This case study delves into how a leading Biotechnology Company, improved its operational visibility and performance through the implementation of an observability solution.
Landscape
300+ applications
1800+ servers
Process
Current State Assessment
Observability Platform
Incident Management
ITSM Toolset
Tool Evaluation
Monitoring Rollout (Top 10 Apps)
Time
Due Diligence: 1 Month
Implementation: 11 Months
Maintenance: Ongoing
Team Size - 3
Business Challenge
Lack Of Monitoring Implementation
20% of Servers Monitored in Infra Mode.
Insufficient Licenses to Support Monitoring.
Delayed Incident Response
Prolonged Unplanned Downtime of Critical Indents.
Ops teams working in Silo’s led to increased MTTR.
Inefficient Event Management
Manual Process with no SOP’s in place.
The MIM team was out of the loop in most Major Incidents.
Lack of CMDB integration further caused inefficiencies in routing incidents to the right teams and calculating the true impact of Incidents.
What We Did
Assessment Report & Roadmap for Observability
Report Detailing the impact of lack of Monitoring.
Current State of Monitoring, Incident Response & ITSM Tool.
Tool Evaluation (Dynatrace vs DataDog vs Open Telemetry & PagerDuty Vs xMatters).

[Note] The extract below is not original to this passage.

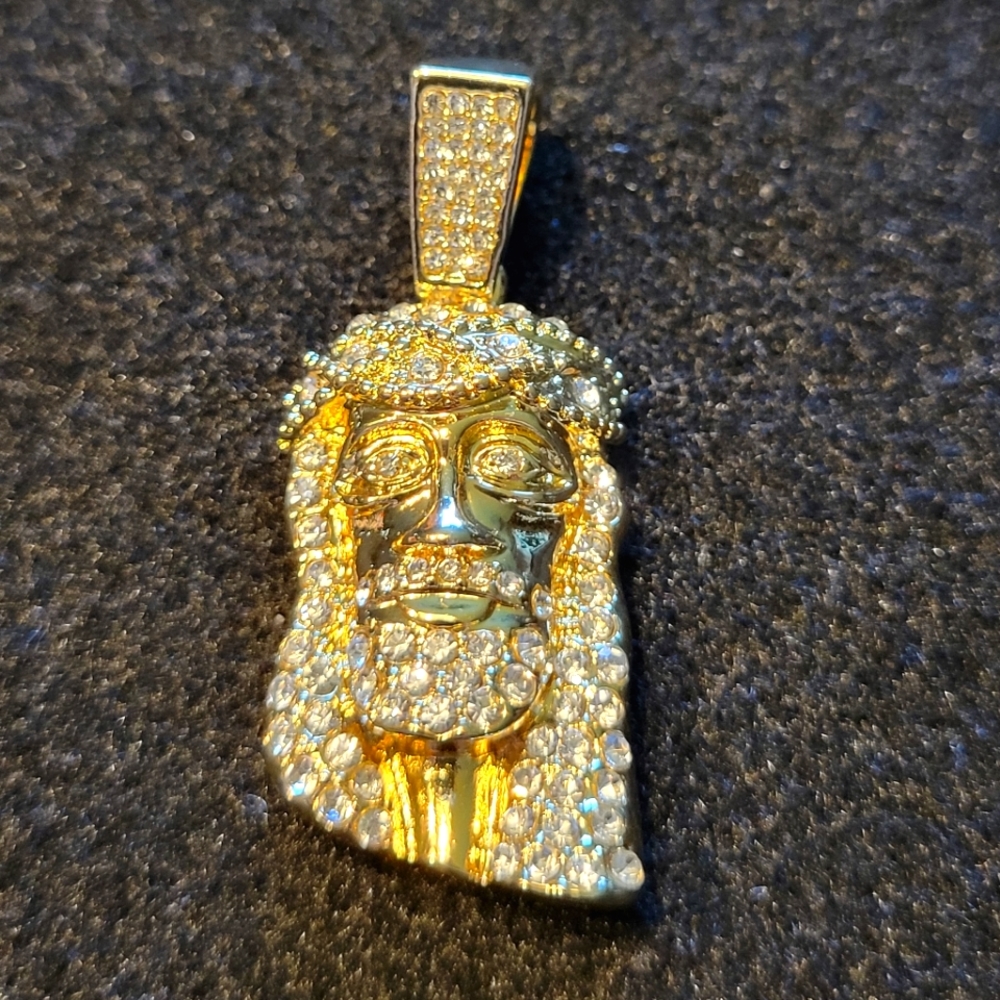 Stainless steel semi iced out Jesus head pendant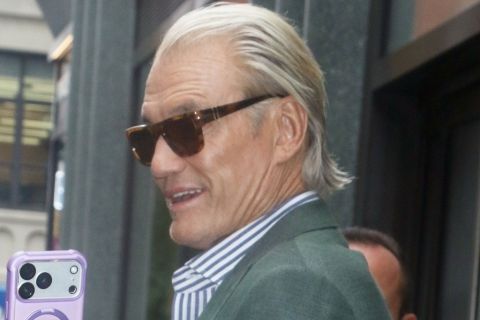 NAZIVAJU GA NAJINTELIGENTNIJIM GLUMCEM, A ON NE PRESTAJE DA ŠOKIRA: LJubi 38 godina mlađu i otvoreno govori o prošlosti (FOTO)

License & Module requirements for Dynatrace, PagerDuty & ServiceNow.
Foundation For AI-based Observability Platform
Upgraded SNOW to Latest Release.
Enabled RunDeck capabilities in PagerDuty to enable Self-healing, Event Correlation, duplication & Alert suppression.
Updated CMDB for 10 In-Scope Applications.
Rolled Out Agents to over 1800 Servers.
Integrated Dynatrace, PagerDuty, ServiceNow, MS Teams & Webex for automated Incident Response.
Formalized automated MIM workflow.
Implemented Full Stack monitoring for top 10 applications.
User Adoption & Training.
Value Delivered
Increased Infrastructure Monitoring to 100%.
Implemented Full Stack Monitoring to top 10 Apps.
Implemented Self-healing & other AI-based solutions to improve the maturity of Operations.
Formalized a MIM process with fully automated notification & Escalation mechanisms.
License Capacity for Next 5 Years
Trained over 15 teams with ~400 resources in using the platform.
Real-time SLA Reports for both internal OPS teams & Vendor Managed platforms such as SAP, DBA, Infra, and more.